Les émergents en direct et plus du fond de son lit

par Charles Dautresme, Stratégiste chez Axa IM

  • Investir dans des valeurs européennes fortement exposées aux émergents ne permet plus de surperformer le MSCI Europe.
  • La valorisation d’une telle stratégie est plus élevée que le MSCI Europe et celle des marchés émergents.
  • Cette stratégie d’investissement indirect étant une stratégie sur-jouée, nous recommandons dorénavant d’investir directement dans les marchés émergents.

 

Nous soutenons depuis longtemps l’investissement dans les pays émergents. Dès janvier 2008, nous suggérions que les investisseurs s’intéressent aux marchés émergents au travers de valeurs européennes fortement exposées aux économies en développement. Bien que cette stratégie ait été profitable pendant deux ans, elle l’est moins en 2010.

Quelles sont les raisons de la sous-performance récente de cette stratégie? Dans cette note, nous nous penchons sur les sources du rebond des marchés émergents et identifions les meilleurs véhicules pour investir dans les pays émergents.
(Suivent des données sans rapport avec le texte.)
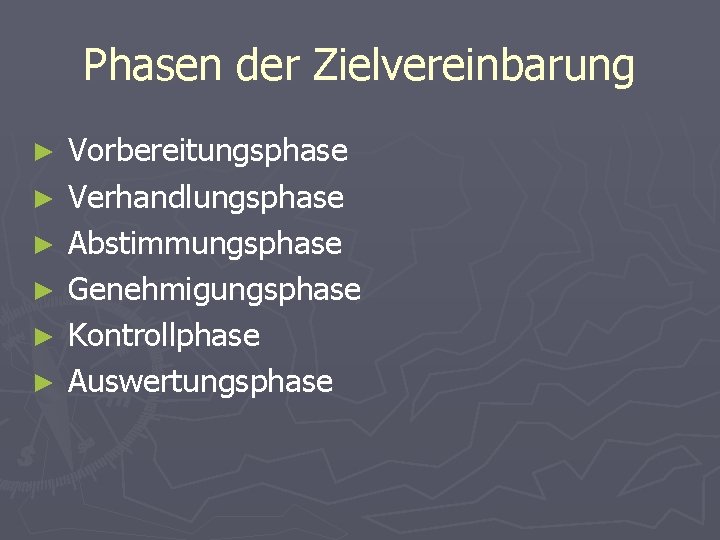 Phasen der Zielvereinbarung ► Vorbereitungsphase ► Verhandlungsphase ► Abstimmungsphase ► Genehmigungsphase ► Kontrollphase ►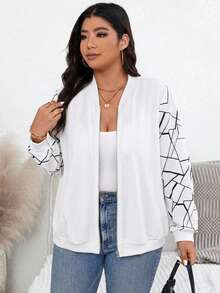SHEIN Essnce Plus Size Autumn Casual Printed Patchwork Jacket Fall - White - View 7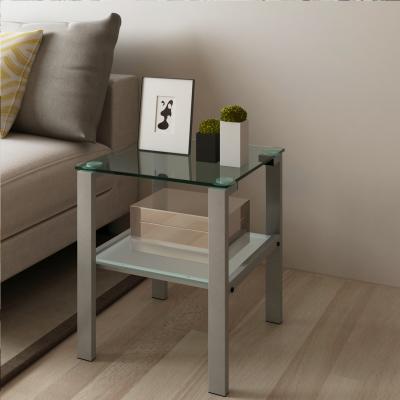 China US Gray Two Layer Tea Table Modern Small Bedroom Living Room Corner Glass Side Table for sale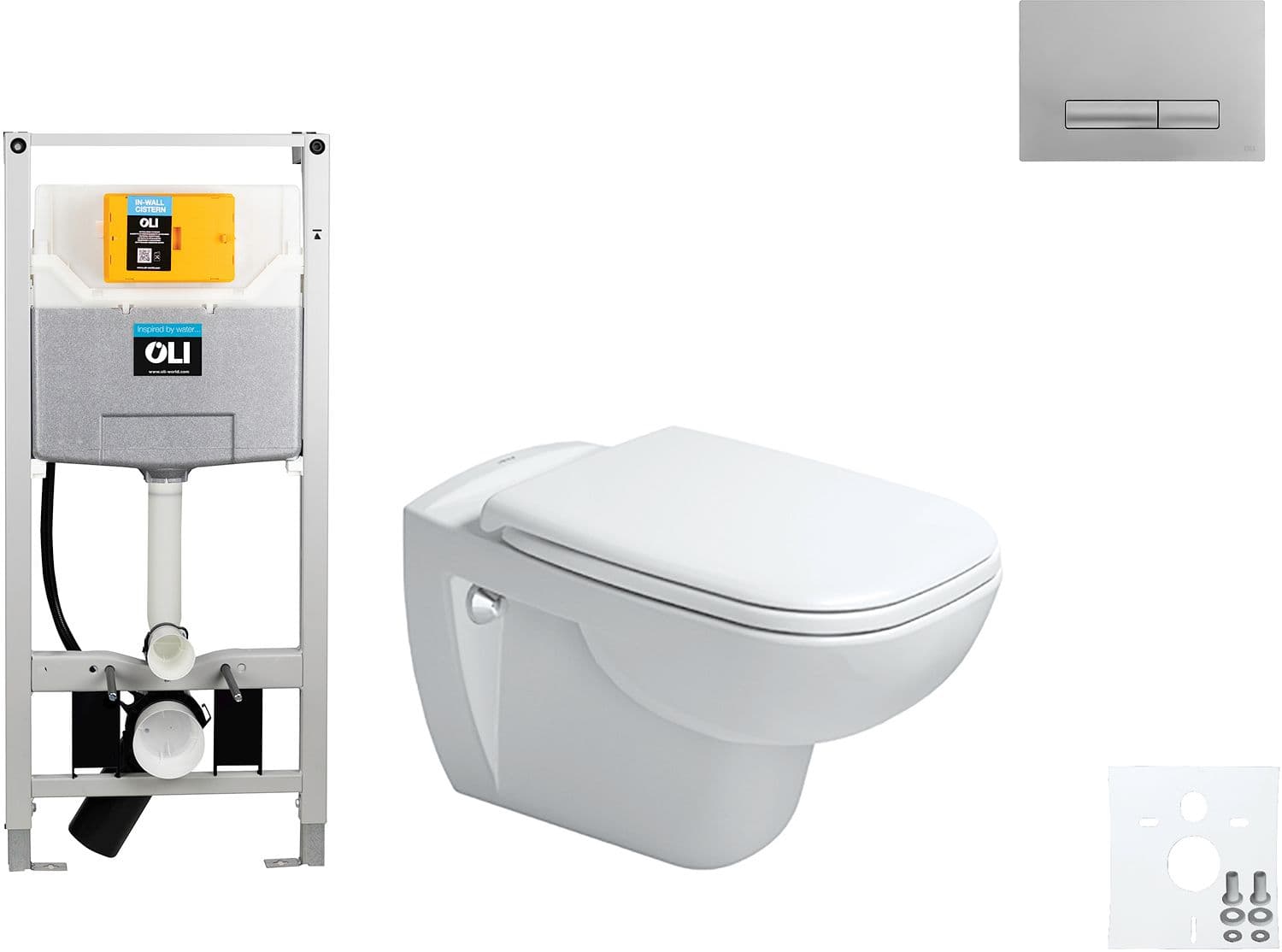 WALLFIX OLI WC SUSPENDU D-CODE DURAVIT CODE SOFT-CLOSE GLAM MAT CHROME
Surpondération des marchés émergents

Nous pensons toujours que les marchés émergents constituent un des meilleurs thèmes d’investissement. Les indicateurs avancés chinois ont récemment rebondi comme en témoigne le PMI manufacturier et les chiffres d’importation de septembre.

Nous sommes récemment passé à surpondéré sur les pays émergents car nous pensons qu’ils constituent un placement attrayant, la Chine ayant montré des signes de ré-accélération économique.

De plus, la croissance des ventes au détail est revenu à ses niveaux d’avant crise et la croissance du crédit est bien plus forte dans les marchés en développement que dans les pays développés où les circuits de financement n’ont pas repris leur mode de fonctionnement normal.

Certains soulignent que, contrairement aux pays développés, la politique monétaire est devenue moins accommodante dans ces pays en réaction à l’accélération de l’inflation. Même si cela est vrai, nous considérons cette phase initiale de resserrement comme une indication de la vigueur de la reprise plutôt que comme une faiblesse. De plus, l’objectif de ce resserrement monétaire est de ralentir la croissance des pays émergents vers leur croissance potentielle, qui elle restera bien supérieure au pic de croissance des pays développés (2,6% de croissance attendue aux Etats-Unis en 2010). Nous nous attendons à une croissance de 9% en Chine en 2011 (contre 10% en 2010) et de 7% en Asie hors Japon (contre 7,8%). Pour le Brésil, la croissance devrait être de 5% l’année prochaine, contre 7% en 2010, et pour la Russie, de 3,5%, contre 4,8% cette année1.

Sous-performance de la stratégie indirecte

Une de nos stratégies préférée pour investir dans les pays émergents a été de retenir des valeurs européennes fortement exposées à ces marchés. Cette manœuvre devait permettre de capturer la croissance tout en réduisant la volatilité.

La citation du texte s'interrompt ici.